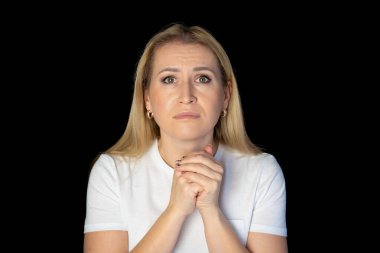 Beyaz tişörtlü, güzel saçlı, sarışın bir kadının portresi. Güzel bir kadın stüdyoda kameraya bakıyor..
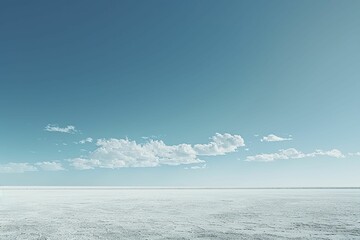 The stark white salt flats stretched endlessly beneath the vast, cerulean sky, embodying minimalist beauty.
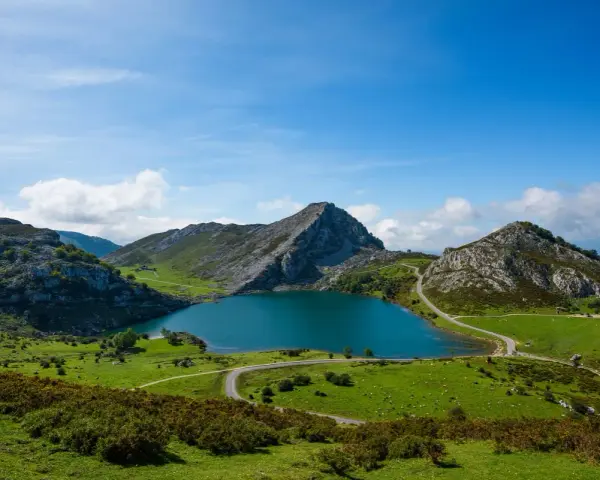 Lago azul rodeado de montañas verdes y caminos sinuosos, parte de la red de parques nacionales.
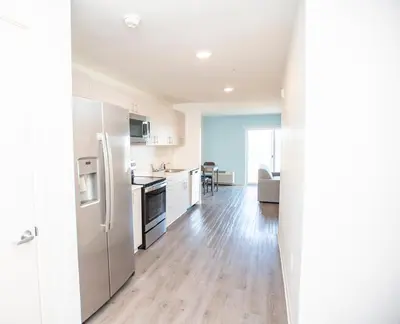 a kitchen with a stainless steel refrigerator and a table at THE NEST in Greenfield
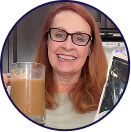 Smiling woman with red hair and glasses holding a glass of iced coffee in a bright indoor setting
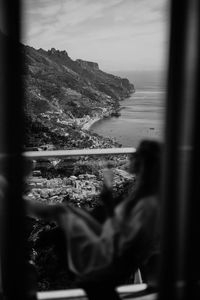 Rear view of man photographing sea against sky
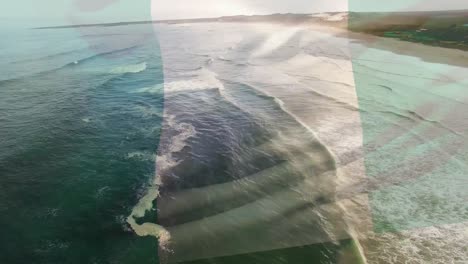Digitale-Komposition-Der-Wehenden-Nigeria-Flagge-Vor-Der-Luftaufnahme-Des-Strandes-Und-Der-Meereswellen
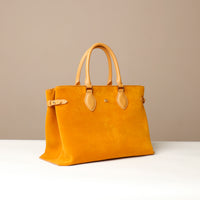 Yellow suede leather danilos  tote bag with yellow handles on a beige background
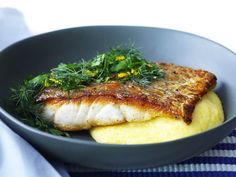 a fish fillet is served on top of grits in a gray bowl with green garnish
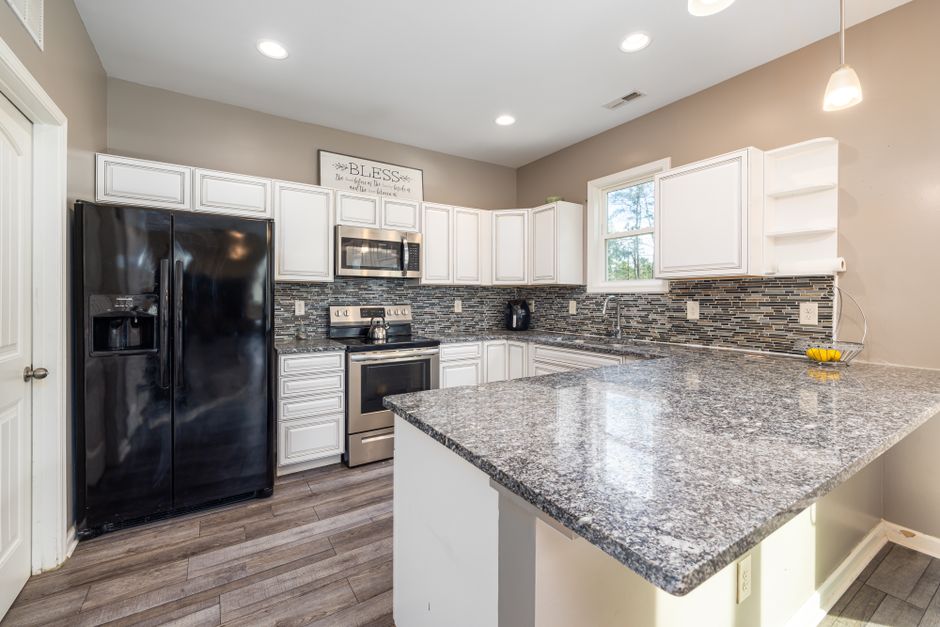 Elegant kitchen with sleek granite countertops and black appliances.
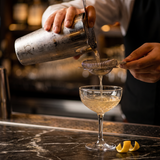 Pouring a cocktail from the OMEGA shaker through the strainer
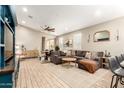 Spacious living room features wood-look tile flooring, a comfortable seating area, and natural light at 9624 E Thunderbolt Ave, Mesa, AZ 85212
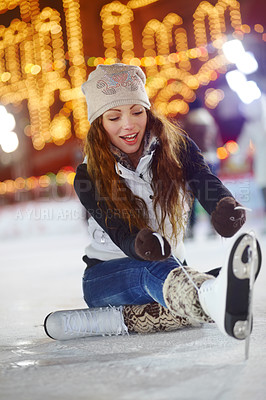 Buy stock photo Shot of a young woman sitting on the ice of a skating rink tying the laces of her ice skates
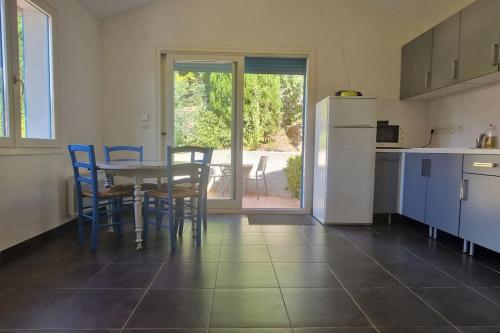 une cuisine avec une table, des chaises et un réfrigérateur dans l'établissement Duplex La maison bleue, à Collioure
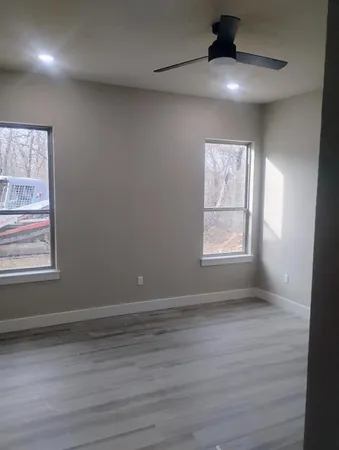 an empty room with wooden floor chandelier fan and windows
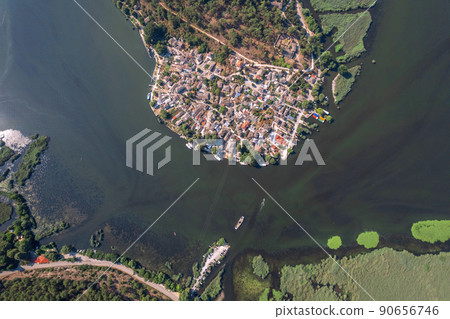 Small island with village, townhomes, forest, boats and yachts in the middle of lake. Drone view, aerial view, top view 90656746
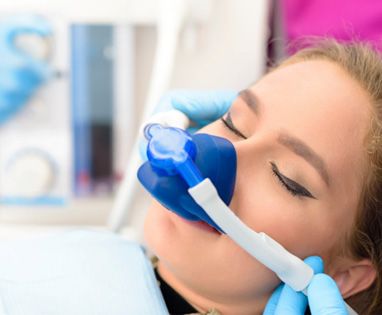Mask placed over patient’s nose for nitrous oxide sedation in Lincoln, NE 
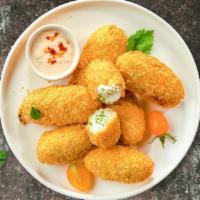 Holy Jalapeno Poppers · (Vegetarian) Fresh jalapenos coated in cream cheese and fried until golden brown.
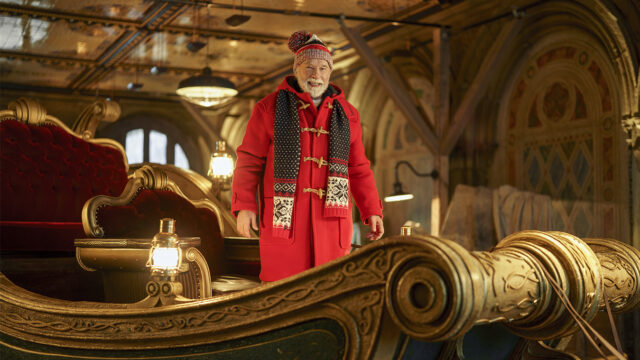 Arnold Schwarzenegger è Babbo Natale in Missione: salvare il Natale Arnold Schwarzenegger è Babbo Natale in cappotto rosso accanto alla slitta dorata, in Missione: salvare il Natale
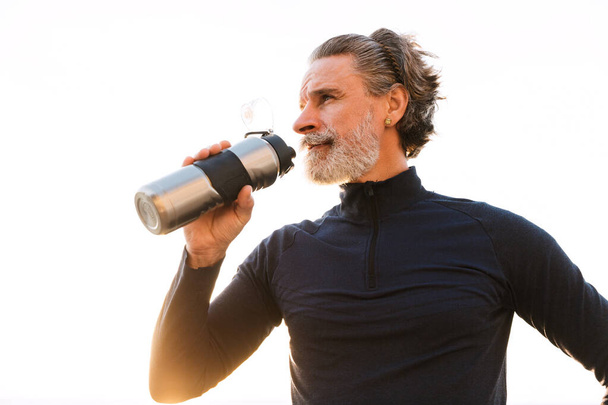 Image of elderly man drinking water from bottle while working out - Foto, Bild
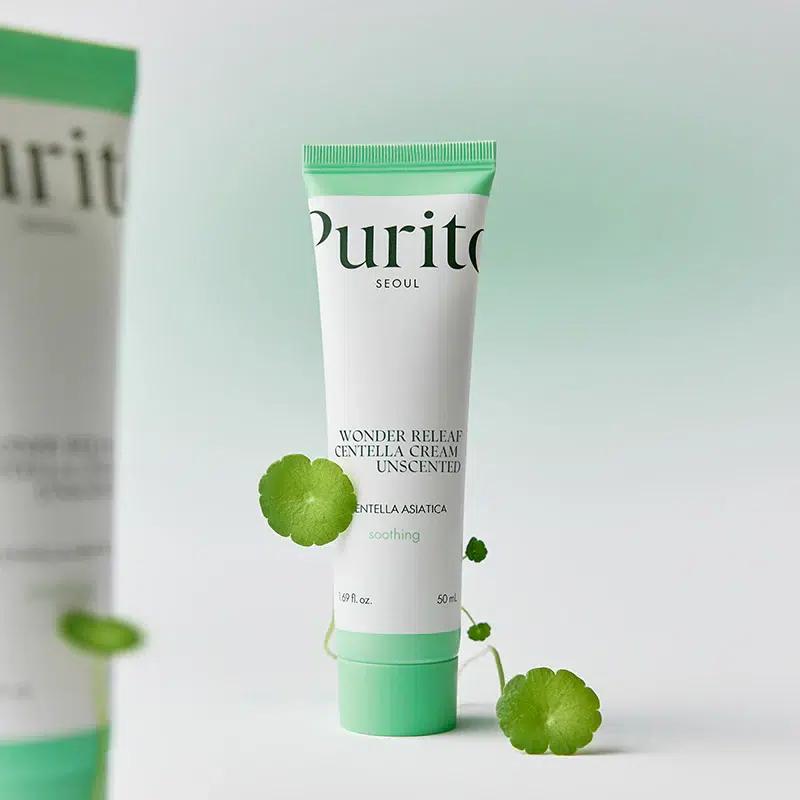 Un tube de crème Purito Wonder Releaf Centella non parfumée se tient debout, avec des feuilles vertes à côté et un fond vert clair et doux. L'étiquette met en avant ses propriétés apaisantes et l'ingrédient Centella Asiatica. Dakar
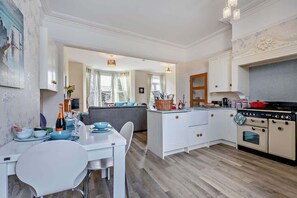 A modern kitchen with white cabinetry, a dining area with a white table and chairs, and a view of the living room.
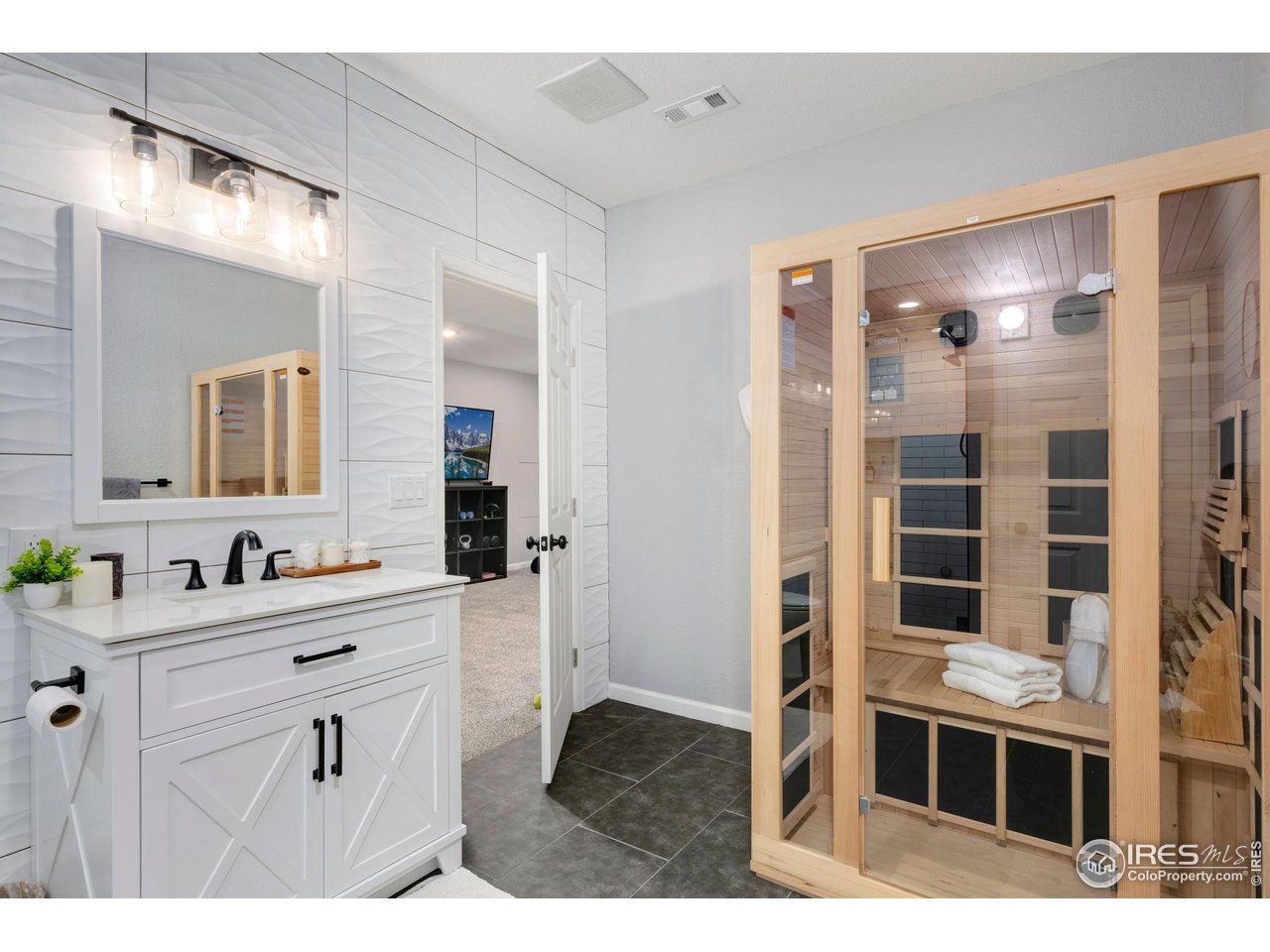 6420 Tuxedo Park Road Timnath, CO 80547 - Photo 24 of 44 a bathroom with a sink a mirror and shower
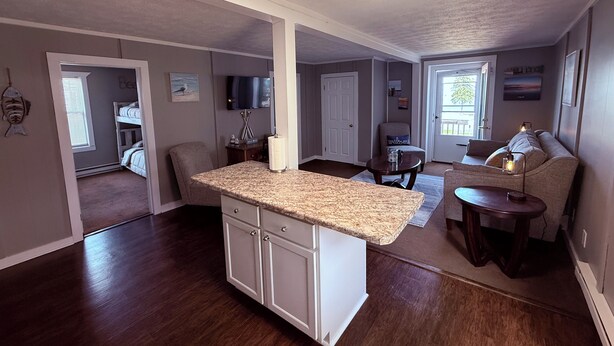 A spacious living area with a kitchen island, a seating area with a sofa and chairs, and a door leading to another room. - Coastal Living in the heart of St. Ignace. (St. Ignace)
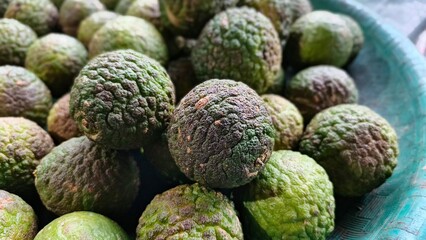 A heap of bumpy, green Kaffir limes are piled closely together, showcasing their textured skin.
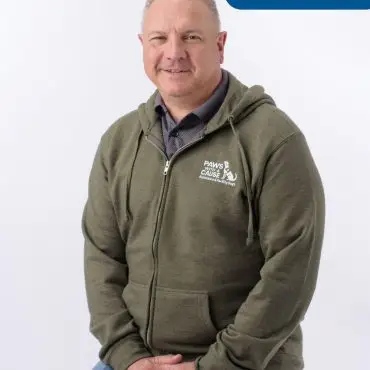 Man in olive hoodie sitting on stool, with Paws with Cause logo; Chris Staff text in upper right corner.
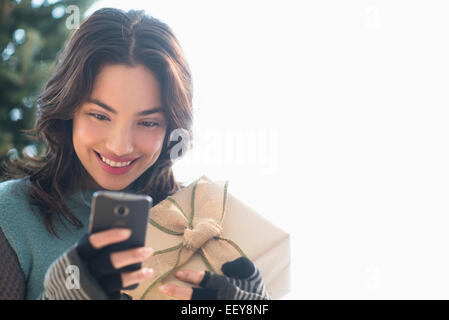 Smiling young woman holding gift and text messaging Stock Photo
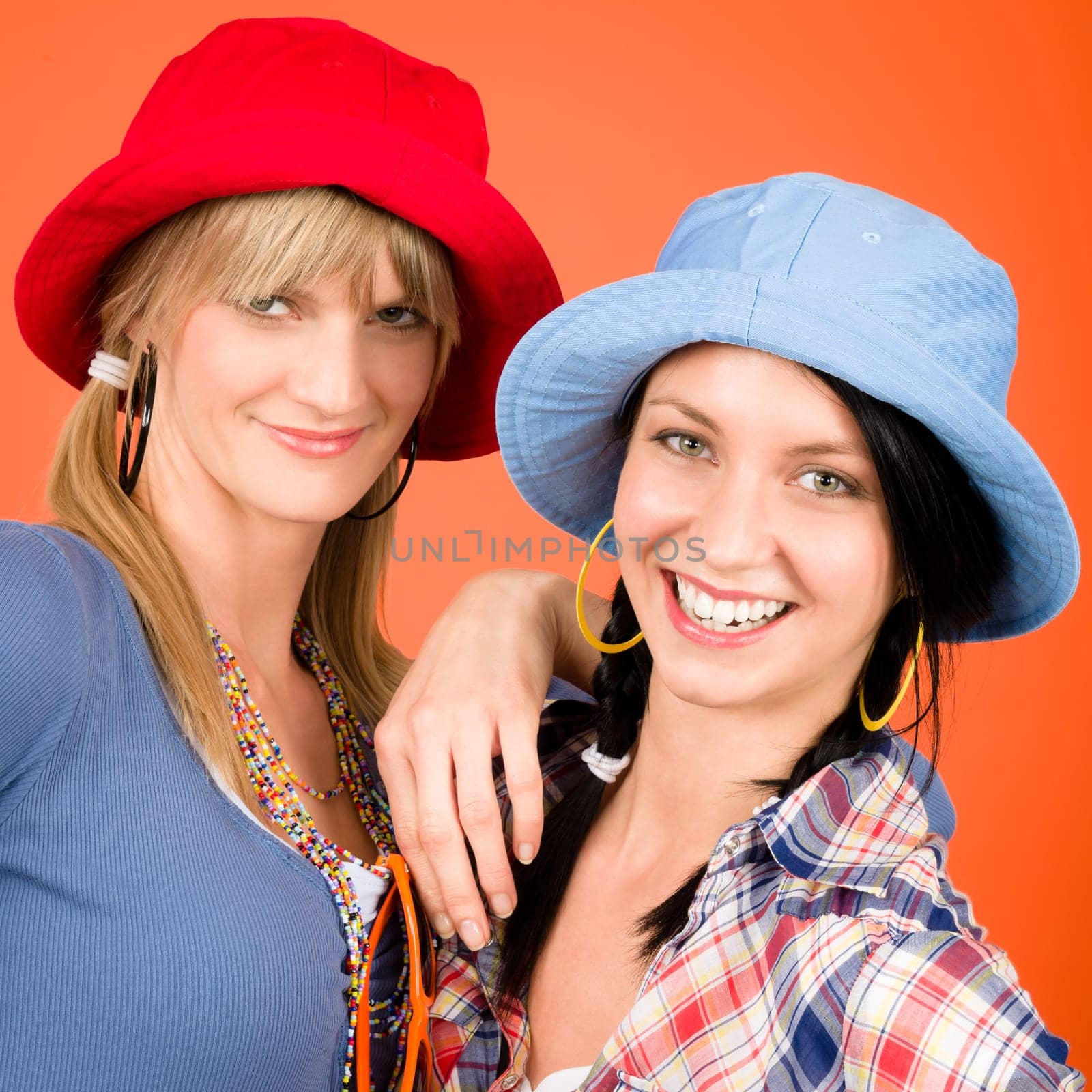Two woman friends young wear funny hats smiling crazy outfit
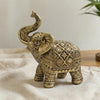 A golden resin elephant sculpture with a curved trunk and intricate detailing, resting on a light fabric.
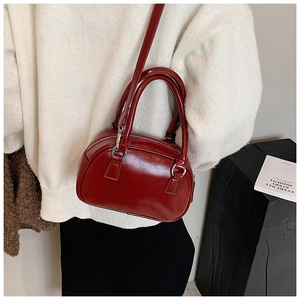 Detail of a glossy dark red bowling bag with silver hardware worn over a cream sweater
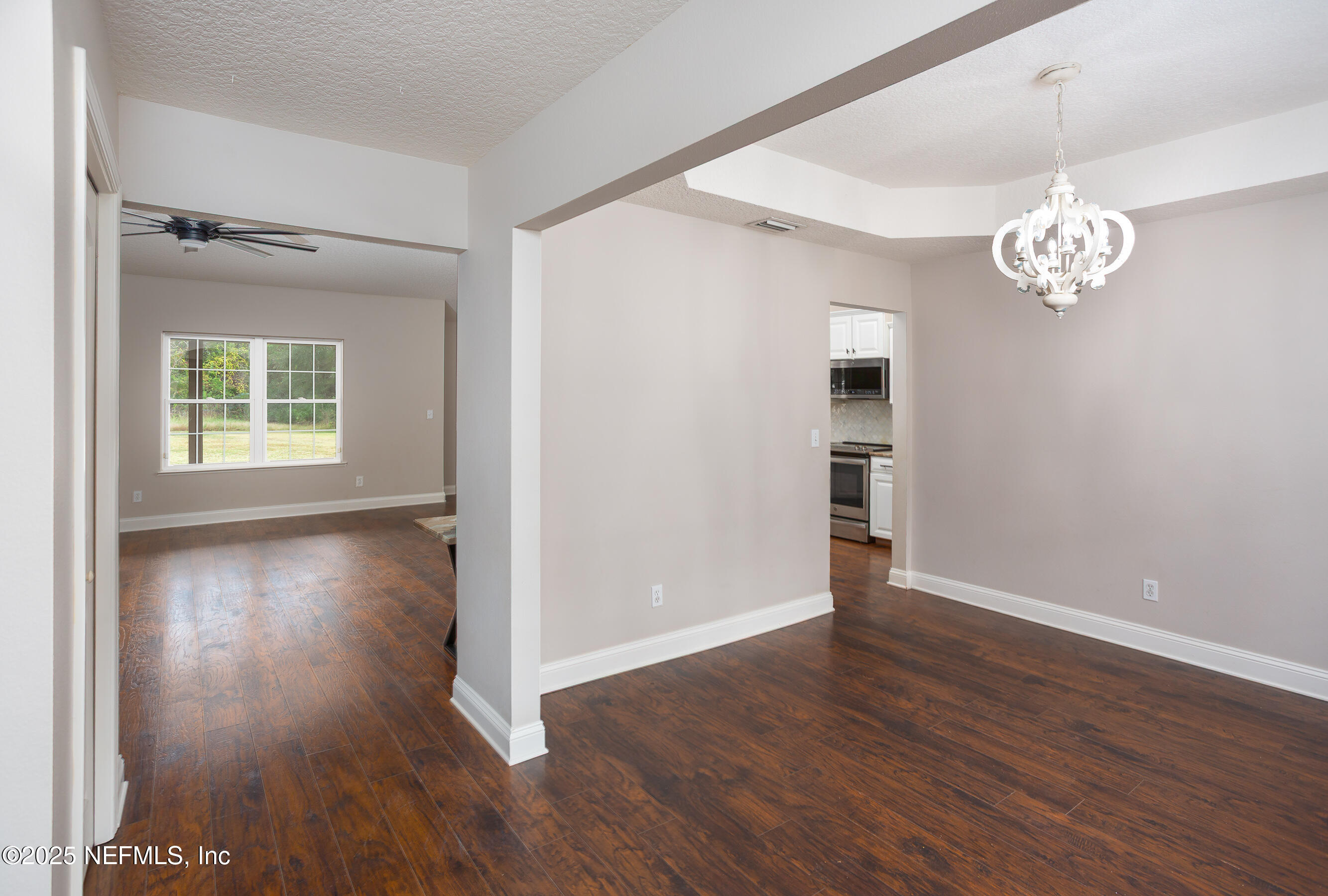 194 Horseman Club Road Palatka, FL 32177 - Photo 8 of 27 an empty room with wooden floor and windows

=====

### WORK TO BE COMPLETED
Only the lines from the start of the records to the one containing "A modern kitchen" should be repeated, exactly and with both ends kept; drop any pictures.

### REPLY
 Beyaz tişörtlü, güzel saçlı, sarışın bir kadının portresi. Güzel bir kadın stüdyoda kameraya bakıyor..
 The stark white salt flats stretched endlessly beneath the vast, cerulean sky, embodying minimalist beauty.
 Lago azul rodeado de montañas verdes y caminos sinuosos, parte de la red de parques nacionales.
 a kitchen with a stainless steel refrigerator and a table at THE NEST in Greenfield
 Smiling woman with red hair and glasses holding a glass of iced coffee in a bright indoor setting
 Rear view of man photographing sea against sky
Digitale-Komposition-Der-Wehenden-Nigeria-Flagge-Vor-Der-Luftaufnahme-Des-Strandes-Und-Der-Meereswellen
 Yellow suede leather danilos  tote bag with yellow handles on a beige background
 a fish fillet is served on top of grits in a gray bowl with green garnish
 Elegant kitchen with sleek granite countertops and black appliances.
 Pouring a cocktail from the OMEGA shaker through the strainer
 Spacious living room features wood-look tile flooring, a comfortable seating area, and natural light at 9624 E Thunderbolt Ave, Mesa, AZ 85212
 Buy stock photo Shot of a young woman sitting on the ice of a skating rink tying the laces of her ice skates
 une cuisine avec une table, des chaises et un réfrigérateur dans l'établissement Duplex La maison bleue, à Collioure
 an empty room with wooden floor chandelier fan and windows
 Small island with village, townhomes, forest, boats and yachts in the middle of lake. Drone view, aerial view, top view 90656746
Mask placed over patient’s nose for nitrous oxide sedation in Lincoln, NE 
 Holy Jalapeno Poppers · (Vegetarian) Fresh jalapenos coated in cream cheese and fried until golden brown.
 Arnold Schwarzenegger è Babbo Natale in Missione: salvare il Natale Arnold Schwarzenegger è Babbo Natale in cappotto rosso accanto alla slitta dorata, in Missione: salvare il Natale
 Image of elderly man drinking water from bottle while working out - Foto, Bild
 Un tube de crème Purito Wonder Releaf Centella non parfumée se tient debout, avec des feuilles vertes à côté et un fond vert clair et doux. L'étiquette met en avant ses propriétés apaisantes et l'ingrédient Centella Asiatica. Dakar
 A modern kitchen with white cabinetry, a dining area with a white table and chairs, and a view of the living room.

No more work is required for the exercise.